Exactly the lines from the one that holds "Levi's Women's Wedgie" to the end of the data below: retype these and nothing else.

-- Opening Marker --

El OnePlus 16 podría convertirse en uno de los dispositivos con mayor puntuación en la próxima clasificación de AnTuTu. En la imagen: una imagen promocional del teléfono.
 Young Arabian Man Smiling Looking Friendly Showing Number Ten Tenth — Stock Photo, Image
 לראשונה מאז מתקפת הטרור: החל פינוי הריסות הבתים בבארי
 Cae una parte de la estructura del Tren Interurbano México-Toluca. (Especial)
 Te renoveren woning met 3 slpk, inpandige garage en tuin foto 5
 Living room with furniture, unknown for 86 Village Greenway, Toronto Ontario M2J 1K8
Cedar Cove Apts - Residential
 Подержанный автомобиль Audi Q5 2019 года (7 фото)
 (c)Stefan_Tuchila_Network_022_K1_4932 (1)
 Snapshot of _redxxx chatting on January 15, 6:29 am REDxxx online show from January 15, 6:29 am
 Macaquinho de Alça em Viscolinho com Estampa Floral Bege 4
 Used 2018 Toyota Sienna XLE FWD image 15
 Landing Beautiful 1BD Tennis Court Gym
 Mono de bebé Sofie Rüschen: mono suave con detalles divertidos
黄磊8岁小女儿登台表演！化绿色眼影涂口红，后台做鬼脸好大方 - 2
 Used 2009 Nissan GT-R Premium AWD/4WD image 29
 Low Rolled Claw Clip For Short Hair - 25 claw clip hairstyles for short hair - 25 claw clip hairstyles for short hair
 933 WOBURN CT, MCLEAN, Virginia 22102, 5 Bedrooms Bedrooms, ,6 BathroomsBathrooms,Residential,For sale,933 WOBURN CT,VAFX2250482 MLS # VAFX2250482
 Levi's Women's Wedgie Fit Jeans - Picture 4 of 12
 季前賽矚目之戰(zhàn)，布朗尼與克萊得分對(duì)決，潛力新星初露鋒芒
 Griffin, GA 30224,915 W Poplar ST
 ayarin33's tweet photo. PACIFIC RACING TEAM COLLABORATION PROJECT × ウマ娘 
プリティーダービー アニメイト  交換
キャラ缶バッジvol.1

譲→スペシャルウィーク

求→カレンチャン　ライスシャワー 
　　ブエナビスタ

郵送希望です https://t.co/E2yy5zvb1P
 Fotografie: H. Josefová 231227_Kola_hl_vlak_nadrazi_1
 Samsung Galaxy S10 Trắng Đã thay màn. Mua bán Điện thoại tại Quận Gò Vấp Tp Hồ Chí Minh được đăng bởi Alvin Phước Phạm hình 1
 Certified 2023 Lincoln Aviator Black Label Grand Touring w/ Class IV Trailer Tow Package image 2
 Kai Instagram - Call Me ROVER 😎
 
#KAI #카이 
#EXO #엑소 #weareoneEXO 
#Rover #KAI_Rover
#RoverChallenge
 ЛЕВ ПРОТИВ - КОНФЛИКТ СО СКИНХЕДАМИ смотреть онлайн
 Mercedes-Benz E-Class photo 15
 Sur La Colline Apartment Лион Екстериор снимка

-- Closing Marker --

ANSWER BOX:
 Levi's Women's Wedgie Fit Jeans - Picture 4 of 12
 季前賽矚目之戰(zhàn)，布朗尼與克萊得分對(duì)決，潛力新星初露鋒芒
 Griffin, GA 30224,915 W Poplar ST
 ayarin33's tweet photo. PACIFIC RACING TEAM COLLABORATION PROJECT × ウマ娘 
プリティーダービー アニメイト  交換
キャラ缶バッジvol.1

譲→スペシャルウィーク

求→カレンチャン　ライスシャワー 
　　ブエナビスタ

郵送希望です https://t.co/E2yy5zvb1P
 Fotografie: H. Josefová 231227_Kola_hl_vlak_nadrazi_1
 Samsung Galaxy S10 Trắng Đã thay màn. Mua bán Điện thoại tại Quận Gò Vấp Tp Hồ Chí Minh được đăng bởi Alvin Phước Phạm hình 1
 Certified 2023 Lincoln Aviator Black Label Grand Touring w/ Class IV Trailer Tow Package image 2
 Kai Instagram - Call Me ROVER 😎
 
#KAI #카이 
#EXO #엑소 #weareoneEXO 
#Rover #KAI_Rover
#RoverChallenge
 ЛЕВ ПРОТИВ - КОНФЛИКТ СО СКИНХЕДАМИ смотреть онлайн
 Mercedes-Benz E-Class photo 15
 Sur La Colline Apartment Лион Екстериор снимка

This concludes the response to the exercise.